Excerpted data →
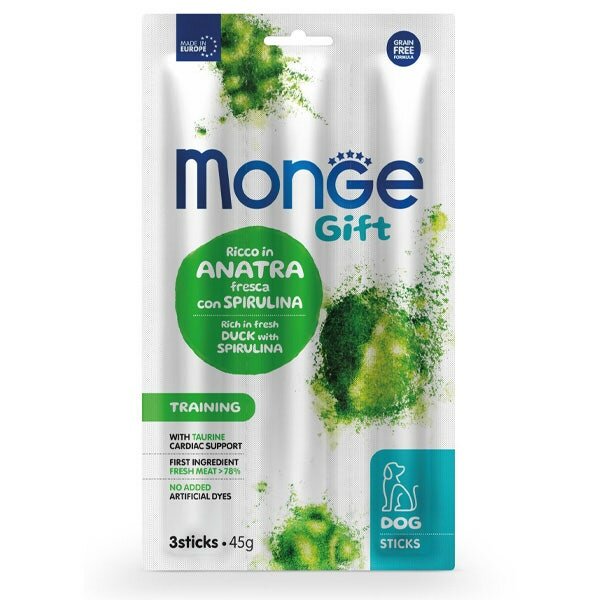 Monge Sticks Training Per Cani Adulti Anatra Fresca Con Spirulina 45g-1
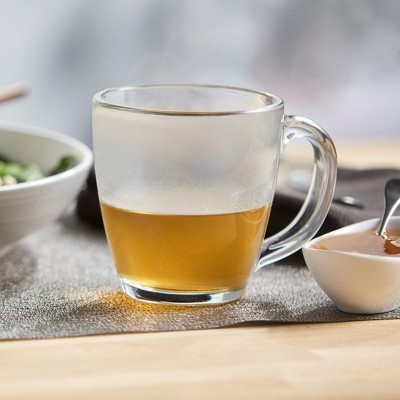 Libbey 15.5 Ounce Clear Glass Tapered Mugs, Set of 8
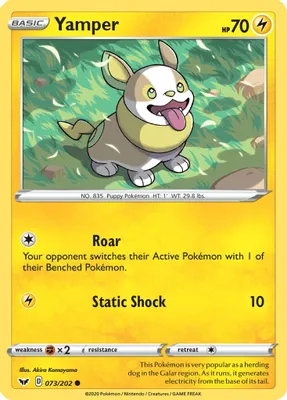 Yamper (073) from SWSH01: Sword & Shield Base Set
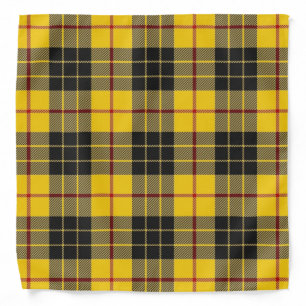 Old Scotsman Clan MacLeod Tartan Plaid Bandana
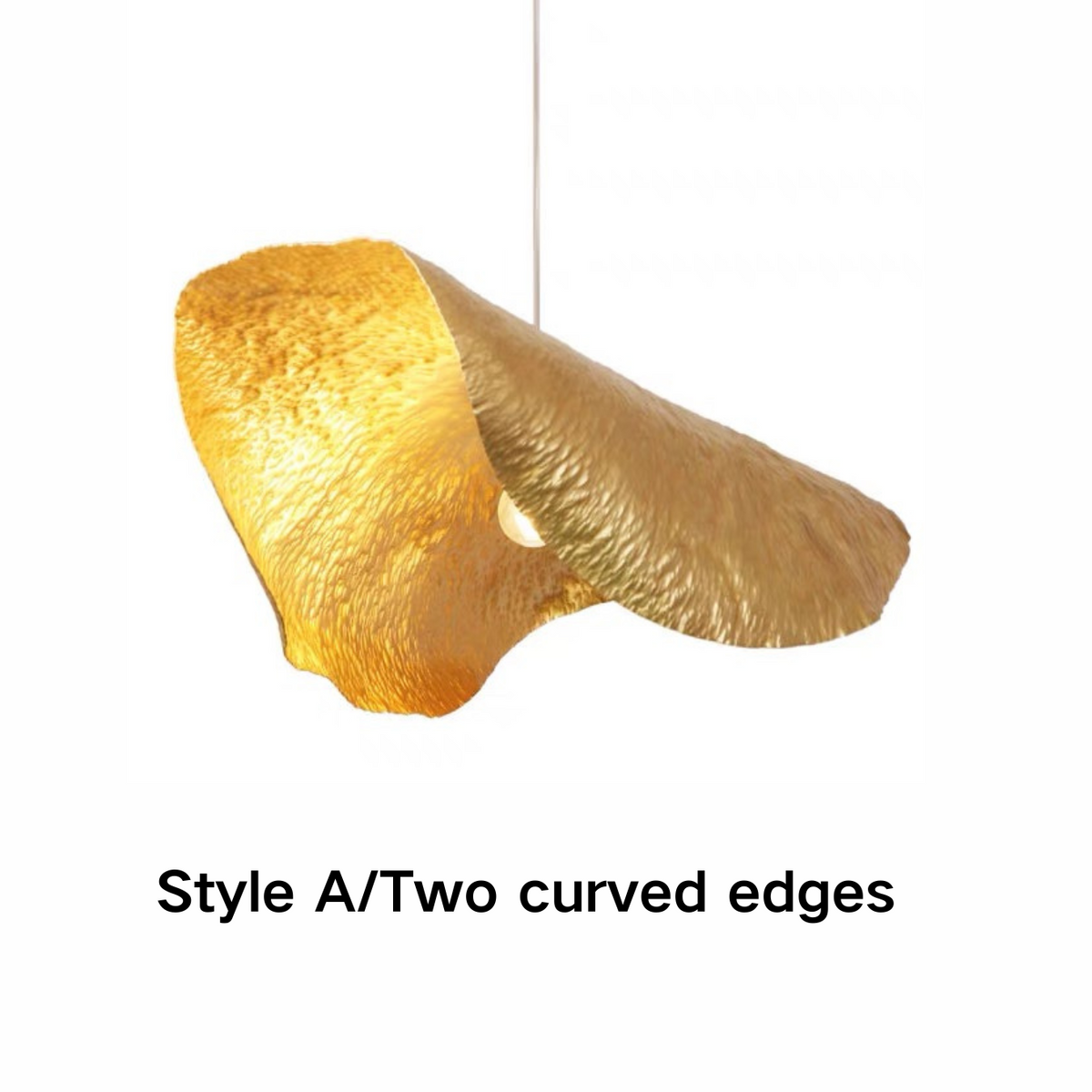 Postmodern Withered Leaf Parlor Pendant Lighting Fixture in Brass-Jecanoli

Task brief → Repeat the data above exactly, images excluded.

Finished exercise →
 Monge Sticks Training Per Cani Adulti Anatra Fresca Con Spirulina 45g-1
 Libbey 15.5 Ounce Clear Glass Tapered Mugs, Set of 8
 Yamper (073) from SWSH01: Sword & Shield Base Set
 Old Scotsman Clan MacLeod Tartan Plaid Bandana
 Postmodern Withered Leaf Parlor Pendant Lighting Fixture in Brass-Jecanoli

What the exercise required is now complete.